Content starts

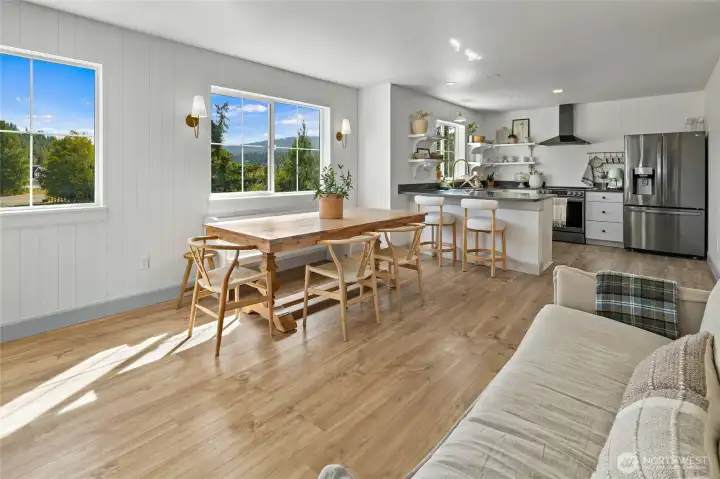 A blend of modern vertical paneling and brass sconces adds texture and style to the living area.
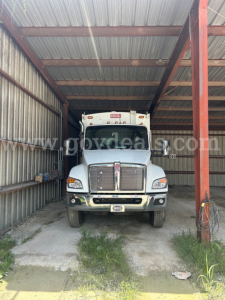 Kenworth T480 truck front view in a metal shelter with grille, headlights, and license plate area visible.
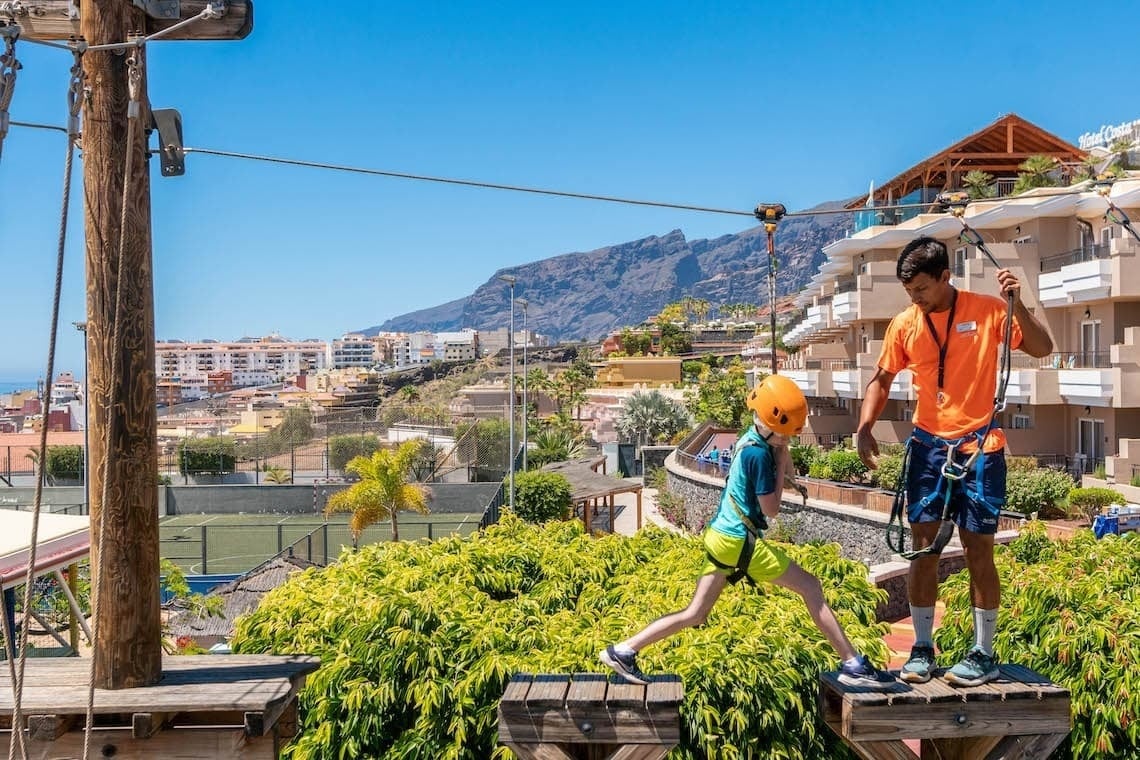 a girl climbs a wooden ropes course with a man watching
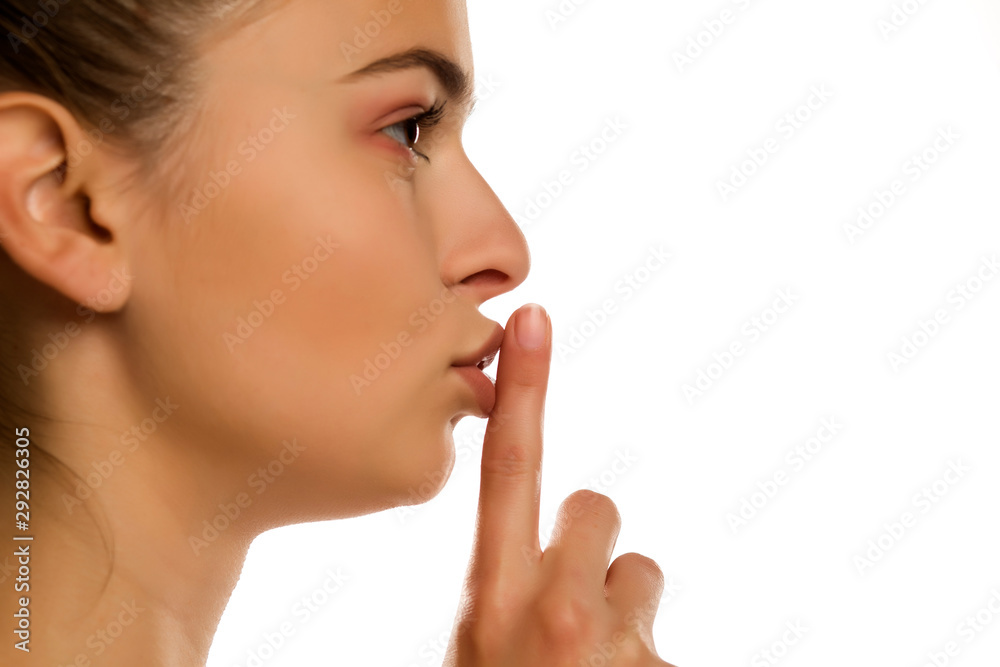 Young woman with finger on her lips on white background Young woman with finger on her lips on white background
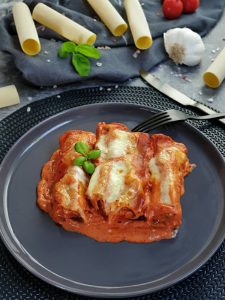 Auf einem dunklen Teller zu sehen, 3 gefüllte Cannelloni in einer Tomatensoße und mit Mozzarella überbacken. Im Hintergrund auf einem Handtuch dekorativ Cannelloni Nudeln, Tomaten, Knoblauch und Basilikum drapiert. Neben dem Teller zu sehen eine dunkle Gabel und ein dunkles Messer in mattschwarz. Fertig sind die Cannelloni mit Hackfleisch und Mozzarella aus dem Ofen.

Content ends

◆ **About this task**: Pictures are to be left out; otherwise, retype exactly the lines from the first line of the data through the line containing "a girl climbs".

◆ **Written response**:
 A blend of modern vertical paneling and brass sconces adds texture and style to the living area.
 Kenworth T480 truck front view in a metal shelter with grille, headlights, and license plate area visible.
 a girl climbs a wooden ropes course with a man watching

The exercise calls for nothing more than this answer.